そして、予測部40は、予測された鋼材の靭性を表すグラフに関するパラメータから、鋼材の靭性を表すグラフの曲線を求め、所定の温度での延性破面率を予測する。
【0061】
表示部42は、予測部40による予測結果を表示する。
【0062】
次に、材質予測装置10で実行される学習処理について、図4に示すフローチャートを参照して説明する。なお、図4に示す学習処理は、複数本の鋼材について、熱間圧延ラインにおける複数のセンサ20、22、23、24、25、26で測定された、温度及びサイズの少なくとも一方が入力されるとともに、複数本の鋼材から採取した試料について計測された材質データとして、鋼材の靭性を表すグラフに関するパラメータが入力されたときに実行される。
【0063】
ステップS100では、測定データ取得部32は、複数本の鋼材について、熱間圧延ラインにおける複数のセンサ20、22、23、24、25、26で測定された、温度及びサイズの少なくとも一方を取得する。また、測定データ取得部32は、複数本の鋼材の各々について、入力部(図示省略)により入力された化学組成を取得する。
【0064】
ステップS102では、材質データ取得部34は、入力された、複数本の鋼材から採取した試料について材質データとして計測された、鋼材の靭性を表すグラフに関するパラメータを取得する。
【0065】
ステップS104では、学習部36は、複数本の鋼材の各々について、測定データ取得部32によって取得した各種測定データ及び材質データ取得部34によって取得した材質データからなる教師データを作成する。
【0066】
ステップS106では、学習部36は、熱間圧延ラインで製造される鋼材についての各種測定データに基づいて鋼材の材質を予測するためのニューラルネットワークである予測モデルを、作成した教師データに基づいて学習し、予測モデル記憶部38に格納する。
【0067】
次に、材質予測装置10で実行される材質予測処理について、図5に示すフローチャートを参照して説明する。なお、図5に示す材質予測処理は、鋼材について、熱間圧延ラインにおける複数のセンサ20、22、23、24、25、26で測定された、温度及びサイズの少なくとも一方が入力されたときに実行される。
【0068】
ステップS110では、測定データ取得部32は、鋼材について、熱間圧延ラインにおける複数のセンサ20、22、23、24、25、26で測定される、温度及びサイズの少なくとも一方を取得する。

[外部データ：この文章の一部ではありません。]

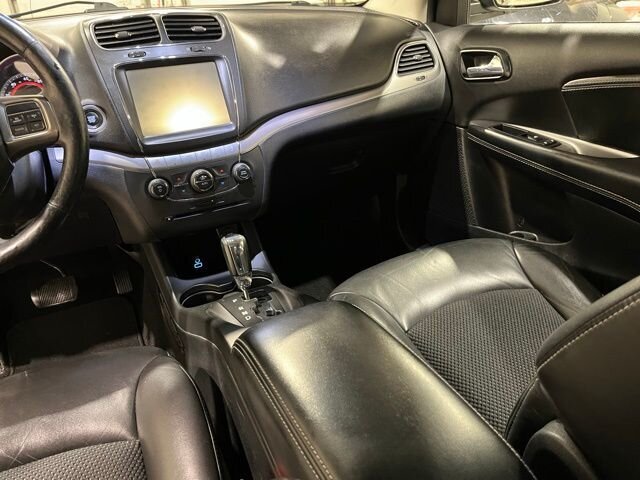 
 2017 Dodge Journey Crossroad full									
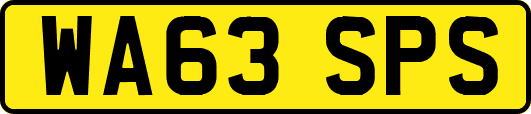 WA63SPS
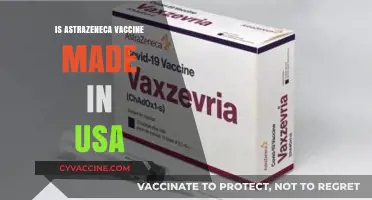 Exploring the Origins: Is the AstraZeneca Vaccine Made in the USA?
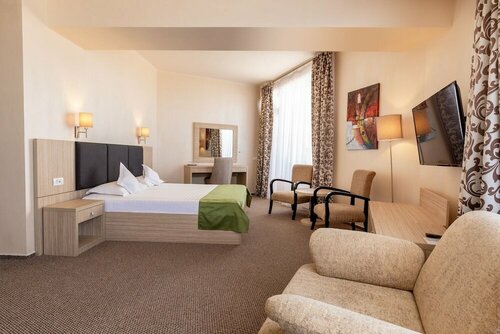 Гостиница Hotel Bueno в Констанце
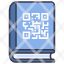 books-qr-code-book-information-library-technology-icon
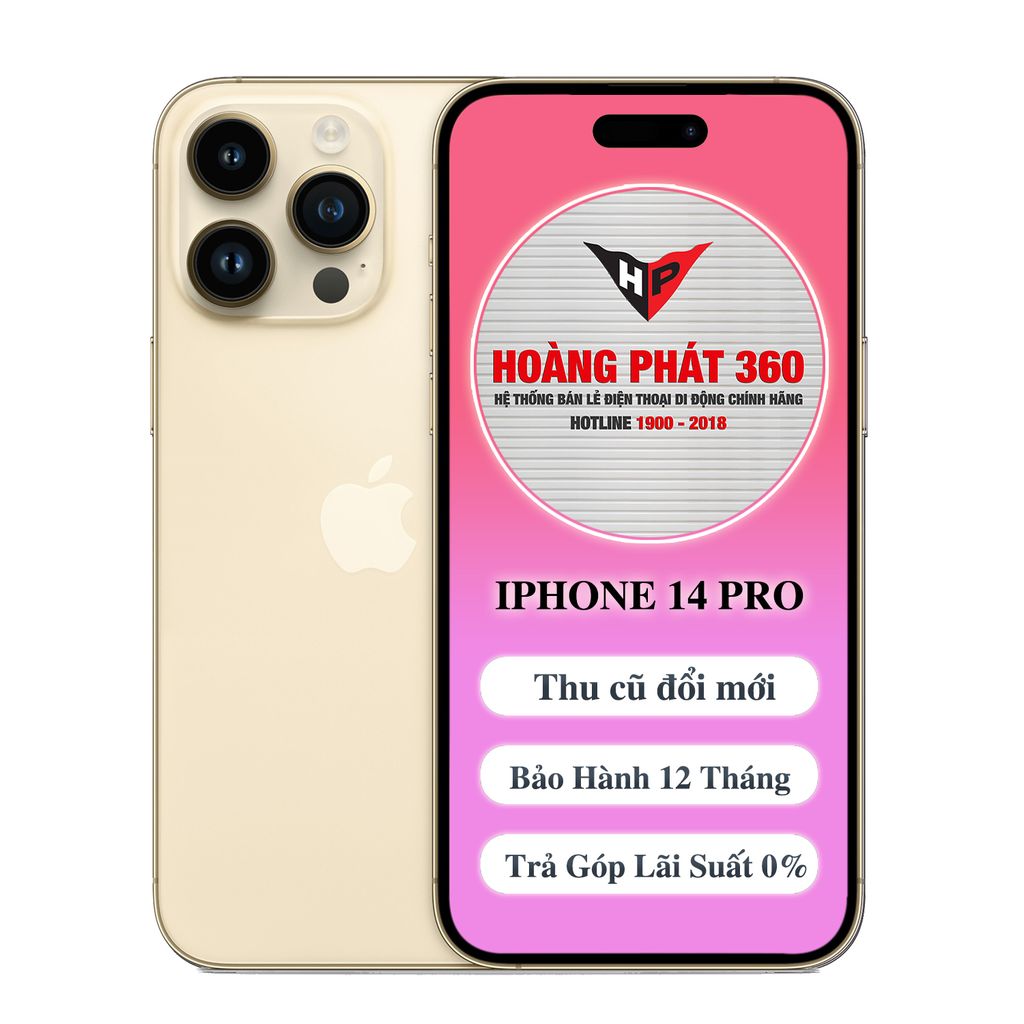 iPhone 14 Pro 128GB (Chính Hãng)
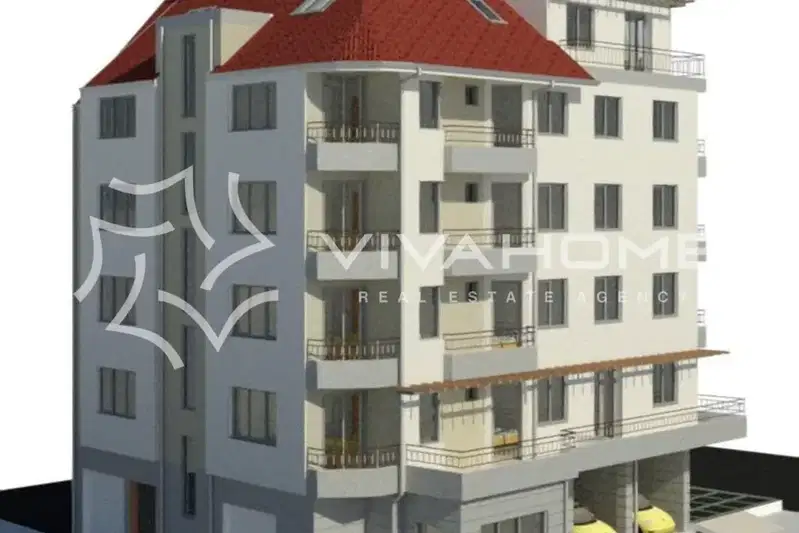 2-bedroom apartment in Varna, Grand Mol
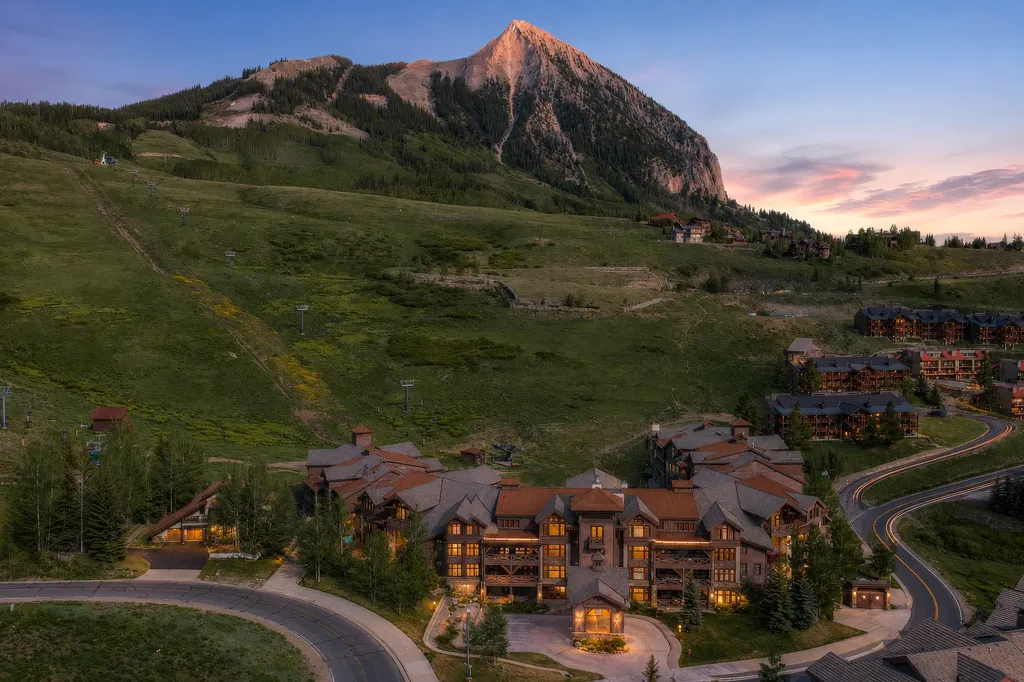 14 Hunter Hill Road Crested Butte CO 81224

また、測定データ取得部32は、入力部(図示省略)により入力された化学組成を取得する。
【0069】
ステップS112では、予測部40は、予測モデル記憶部38に格納された予測モデルを用いて、測定データ取得部32によって取得された各種測定データから、鋼材の材質データとして、鋼材の靭性を表すグラフに関するパラメータを予測する。そして、予測部40は、予測された鋼材の靭性を表すグラフに関するパラメータから、鋼材の靭性を表すグラフの曲線を求め、所定の温度での延性破面率を予測する。
【0070】
ステップS114では、表示部42は、予測部40による予測結果を表示して、材質予測処理を終了する。
【0071】
<実施例>
まず、予測モデルの構築の際の学習では、教師データとして、複数本の鋼材の測定データと、先端部又は後端部から採取した試料から測定した材質データとを利用する。
【0072】
学習で構築された予測モデルに、特定の鋼材の測定データを入力することで、鋼材の材質を予測する。
【0073】
学習に使用する教師データの例としては、測定データおよび材質データとして下記のものを使用する。
【0074】
測定データは、形状データ(加熱炉11の後段箇所におけるスラブSのサイズ(厚さ)、粗圧延機14の後段箇所における粗バーのサイズ(厚さ)、及び仕上圧延機15の後段箇所における鋼板Hのサイズ(厚さ))と、プロセスデータ(加熱炉11のスラブ加熱温度、加熱時間、粗圧延機14の後段箇所における粗バーの温度、仕上圧延機15の前段箇所における粗バーの温度、仕上圧延機15の後段箇所における鋼板Hの温度、冷却装置16の後段箇所における鋼板Hの温度、冷却装置16の冷却テーブル上の鋼板Hの温度、巻取装置17による巻取り箇所における鋼板Hの温度)を含む。
【0075】
入力として、測定データの他に、化学組成(C、Si、Mn、P、S、Ni、Cr、Mo、Nb、V、Ti、Al、Ca、N)と、組成式(焼入れ性(炭素当量:例えば、Ceqなど、参考文献1参照))とを含む。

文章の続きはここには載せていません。